I am surprised that you are surprised that this got published. It reinforces and claims to provide proof towards the worldviews currently ascendant in academia, strengthening politically convenient claims and weakening inconvenient ones. Overstatement of the result also seems par for the course. That doesn’t make it useful, or anything, but it all seems very unsurprising.
Yeah, I was just thinking about me saying that while I was standing in the shower. I actually planned to remove the “I am surprised that this got published” line, because I wasn’t actually surprised. I think implicitly I probably just wanted to reduce the status of the associated paper, and question its legitimacy, and it seems that the cached phrase I currently have for that is “I am surprised this got published”, which really doesn’t seem like the ideal phrase for that, but does seem pretty commonly used for precisely that purpose.
Link to the O-ring paper?
Wikipedia: https://www.wikiwand.com/en/O-ringtheory of_economic_development
Original: https://www.jstor.org/stable/2118400
Really great discussion here, on an important and action-guiding question.
I’m confused about some of the discussion of predicting impact.
If we’re dealing with a power-law, then most of the variance in impact comes from a handful of samples. So if you’re using a metric like “contrarianness+conscientiuosness” that corresponds to an exceedingly rare trait, it might look like you’re predictions are awful, because thousands of CEOs and career executives who are succesful by common standards lack that trait. However, as long as you get Musk and a handful others right, you will have correctly predicted most of the impact, despite missing most of the succesful people. What matters is not how many data-points you get right, but which ones.
Similarly, were it the case that one or two tail-end individuals (like Warren Buffett) score within 2 standard deviations on IQ, that would make IQ a substantially worse metric for predicting who will have the most impact. I haven’t found any such individual, but I think doing so suffices to discredit some of the psychometric study conclusions as long as they didn’t include that particular individual (which they likely didn’t).
Well, only if the individual would falsify the study. My claim is that the folks at the end of the power law will have these properties.

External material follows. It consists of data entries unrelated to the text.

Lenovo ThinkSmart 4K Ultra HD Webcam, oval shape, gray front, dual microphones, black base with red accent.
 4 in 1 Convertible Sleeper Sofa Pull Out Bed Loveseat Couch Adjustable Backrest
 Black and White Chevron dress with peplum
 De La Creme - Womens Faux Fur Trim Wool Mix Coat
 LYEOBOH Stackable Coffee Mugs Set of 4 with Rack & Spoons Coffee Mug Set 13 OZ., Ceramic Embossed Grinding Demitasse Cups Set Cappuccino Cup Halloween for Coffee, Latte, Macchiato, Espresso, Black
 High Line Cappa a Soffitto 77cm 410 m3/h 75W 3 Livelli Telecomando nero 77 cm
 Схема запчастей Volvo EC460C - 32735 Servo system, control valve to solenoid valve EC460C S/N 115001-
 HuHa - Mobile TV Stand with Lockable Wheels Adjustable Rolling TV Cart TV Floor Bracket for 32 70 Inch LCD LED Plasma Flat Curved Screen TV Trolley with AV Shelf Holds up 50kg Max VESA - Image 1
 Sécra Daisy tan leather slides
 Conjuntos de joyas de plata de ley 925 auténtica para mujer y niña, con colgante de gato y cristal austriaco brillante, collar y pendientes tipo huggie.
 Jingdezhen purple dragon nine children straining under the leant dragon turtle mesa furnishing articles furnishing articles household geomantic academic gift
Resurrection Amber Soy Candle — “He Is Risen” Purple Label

I think of it as a filtering mechanism: first you filter by the first order factors, then the second order, and so on, each one doing less work than the last (for example, filtering by >2 SD IQ will cut you to <5% of the population, but once you’re just down to the best 0.01% then the third order factors will help you pick out the peak, even though those factors wouldn’t have cut down the world very much to start with).